Why didn’t politicians do more in the face of the financial crisis, hiding behind rhetoric like, “Too big to fail?”
It may have to do with Wall Street’s ability to buy political influence.
In 2009, the financial sector spent more than $300 million in its efforts to lobby Congress.
Lobbying may be the ultimate proof of a rigged game because this is where we’re able to trace a direct connection between the Wall Street and D.C. lawmakers.
Put simply, lobbyists are paid to persuade legislators to vote for legislation in favor of big corporations and banks.
In the 1970s, only a small percentage – about 3% – of retiring members of Congress went on to become lobbyists.
But by 2009, more than 30% did, as the profession grew incredibly lucrative.
Wall Street is very generous when it comes to buying influence – former chairs of Congressional committees and subcommittees are paid upwards of $2 million a year to influence legislation in their former committees.

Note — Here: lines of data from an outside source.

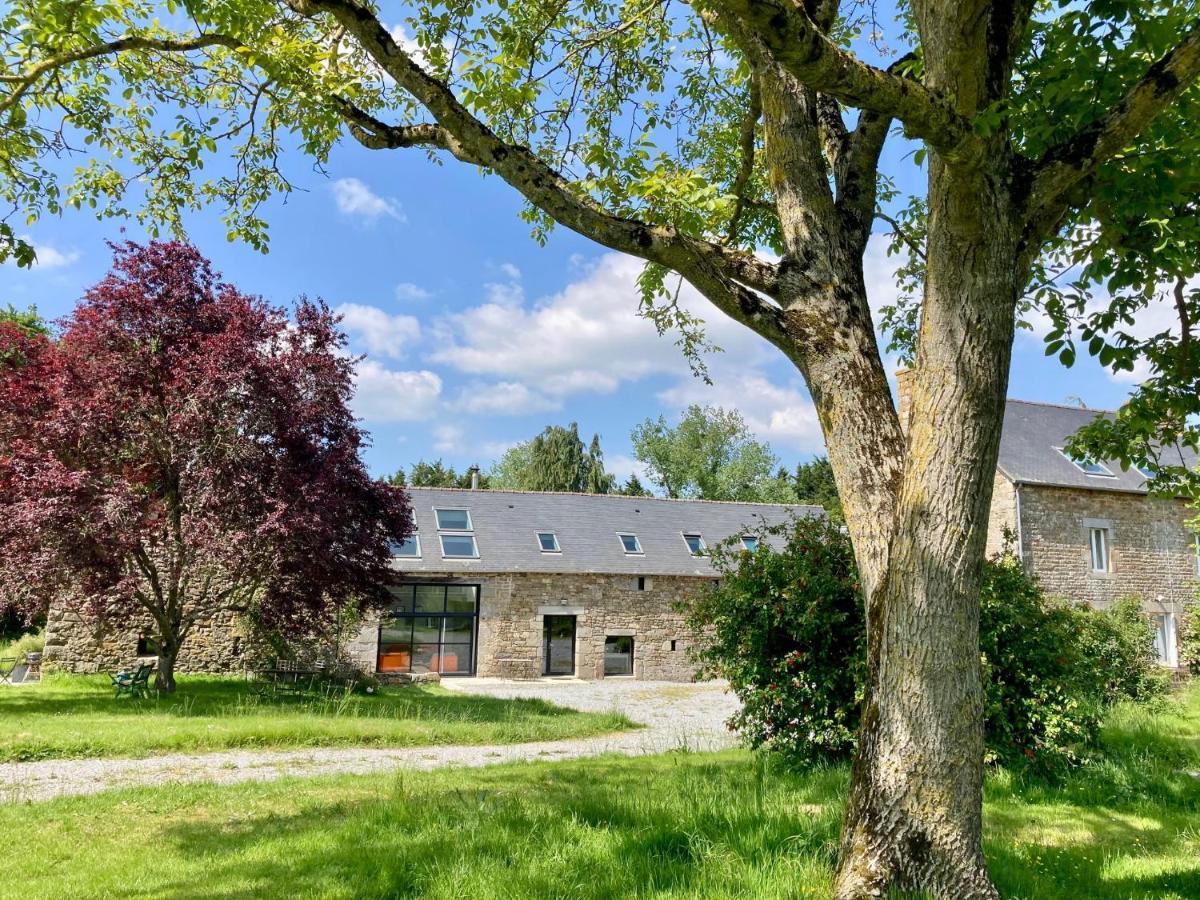 La Breizhidence Bed & Breakfast Combourg Exterior photo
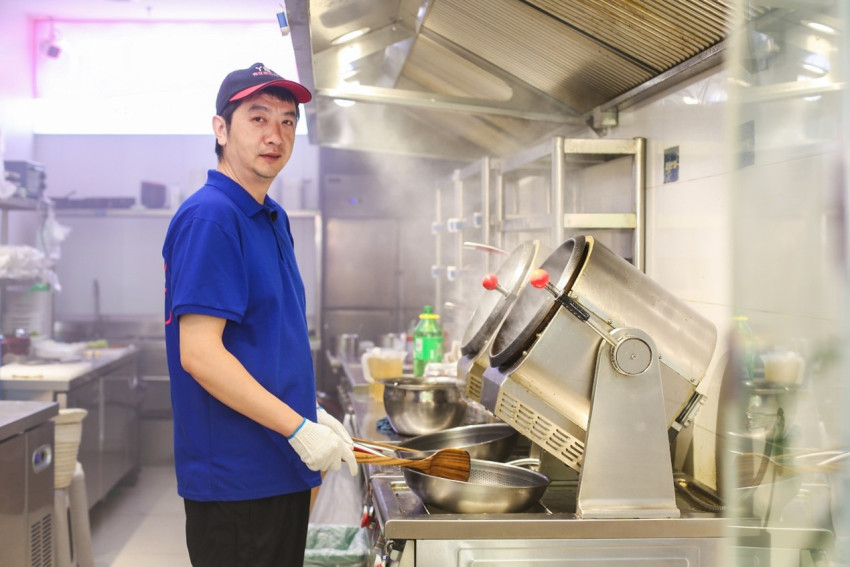 进货、炒菜都不用手,滚筒炒鸡走俏泉城,线上化助力鲁菜“新做”
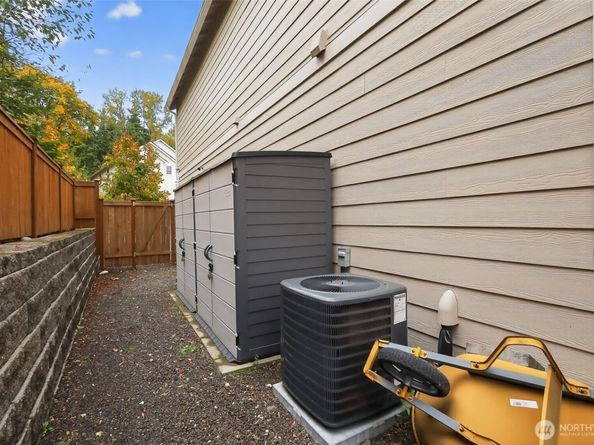 18847 SE 123rd Place, Renton WA 98058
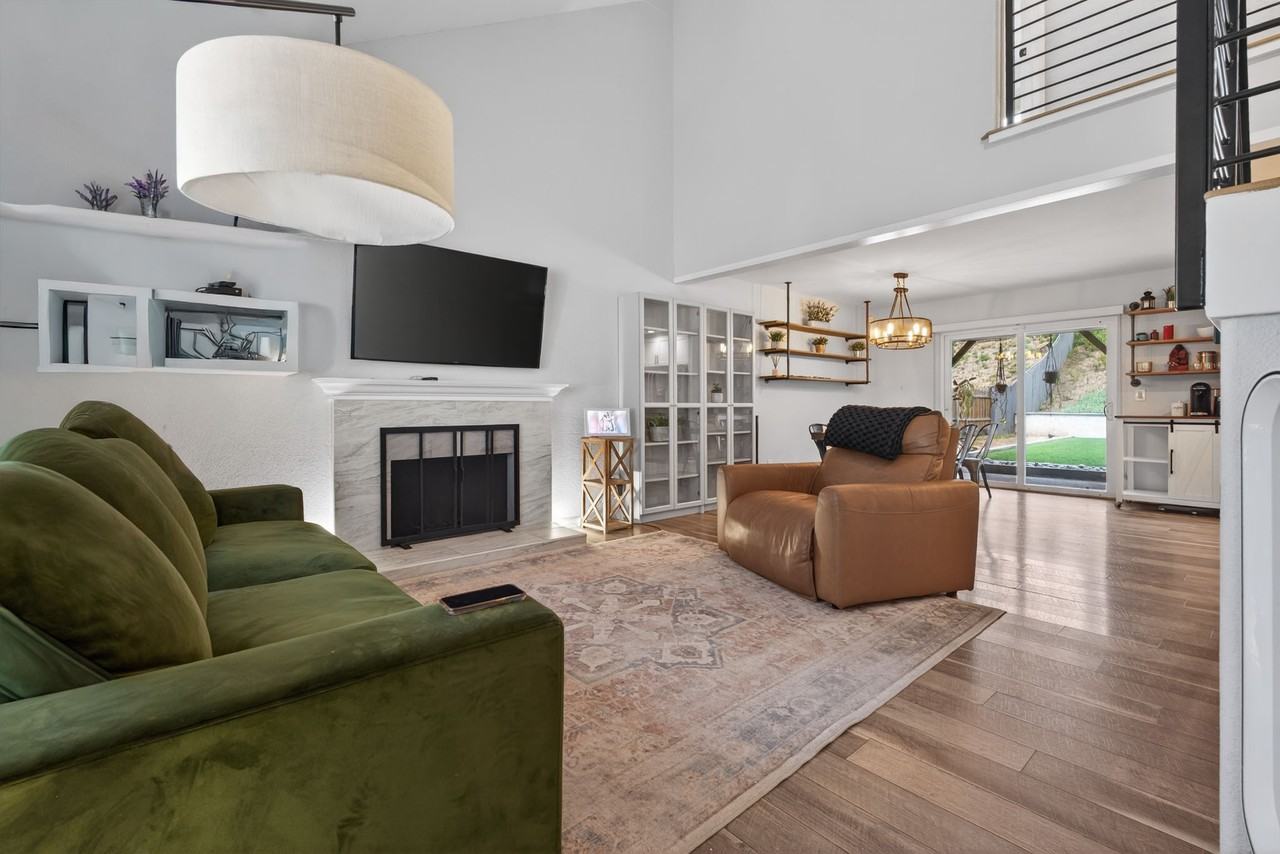 976 Dimarino St #1 - Photo 4 of 29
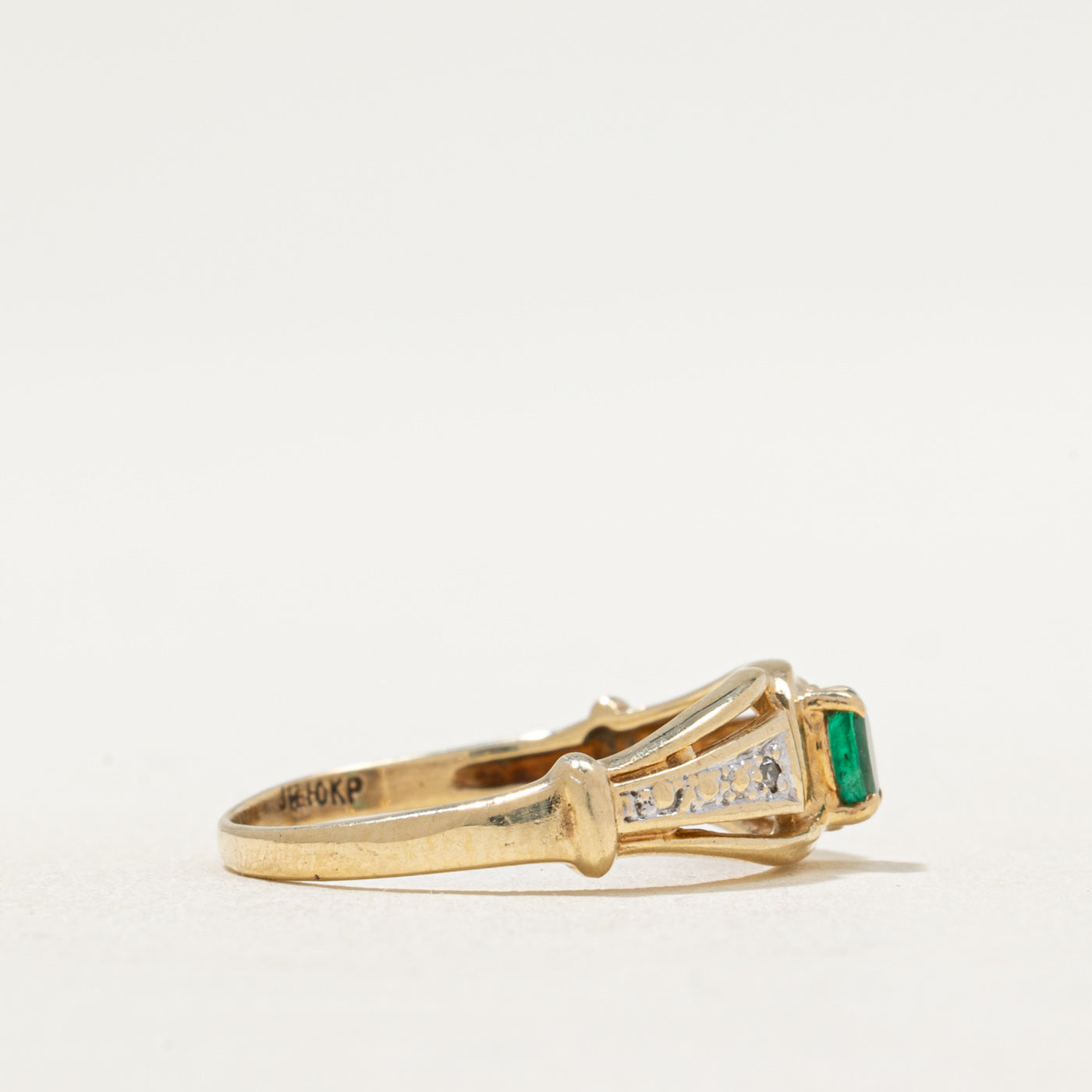 Emerald & Diamond Openwork Ring | 0.09ct, 0.01ctw | SZ 5.25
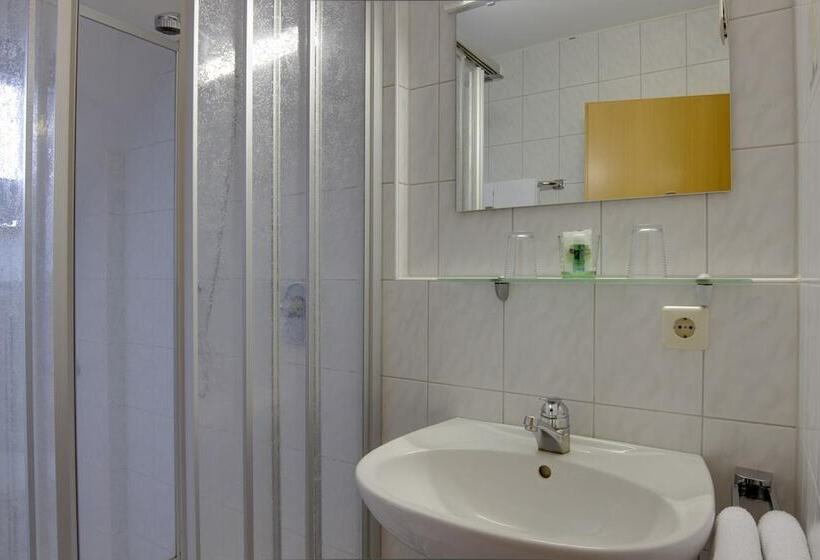 Номер Стандарт, Central Hotel Friedrichshafen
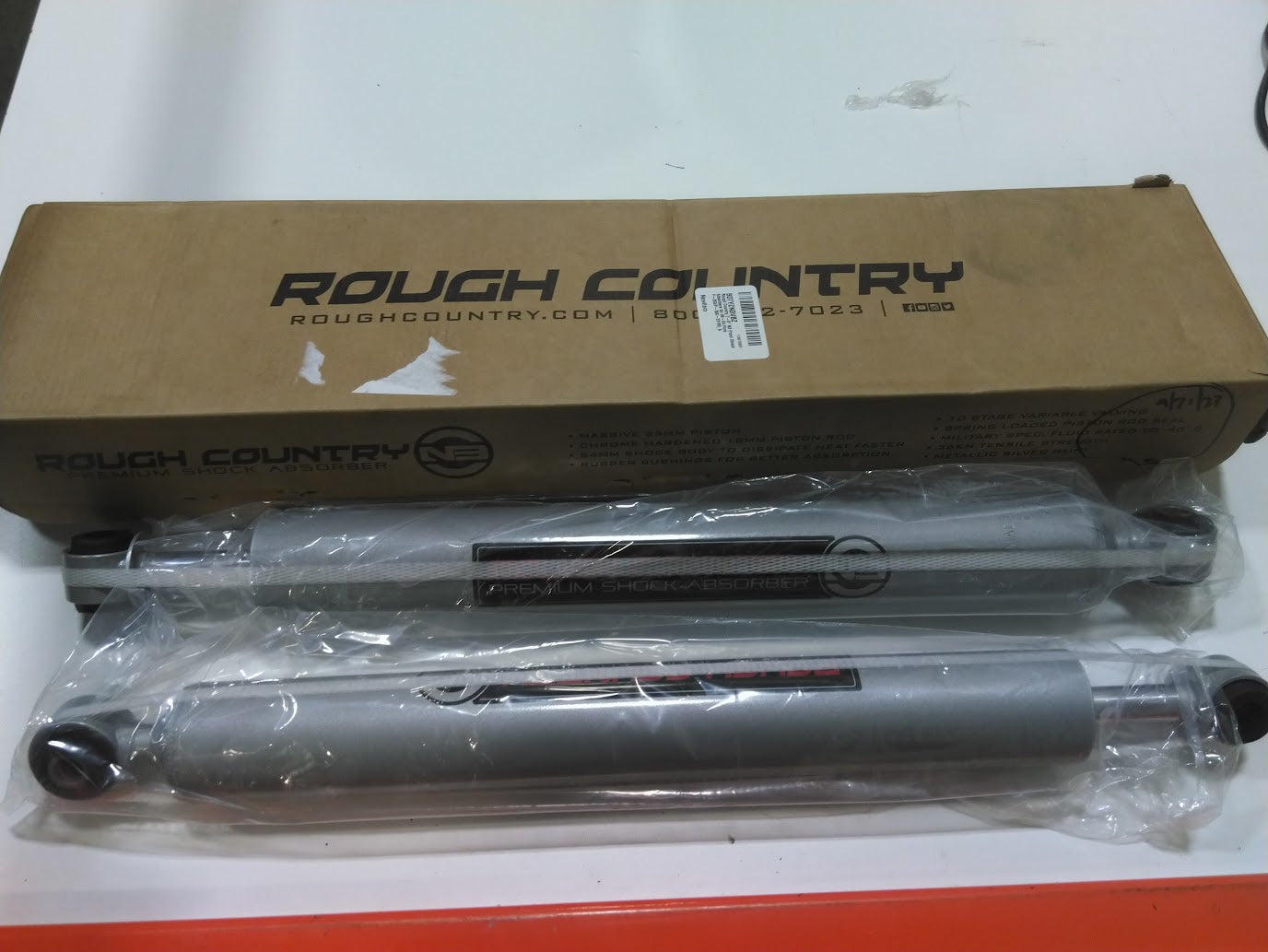 Rough Country 7-8" N3 Front Shock Absorbers for 99-04 Ford F-250/F-350-23160_A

Between 1998 and 2004, more than 2,200 former federal officials registered as lobbyists, according to the Center for Public Integrity.
And according to the Center for Responsive Politics, spending on lobbyists escalated from $1.44 billion in 1998 to $3.47 billion in 2009.
Here’s a scary statistic…
Banks, realtors and insurers have 940 former federal employees – 70 of which are former members of Congress – on their payrolls as lobbyists.
Now can you appreciate just how much the deck is stacked against us?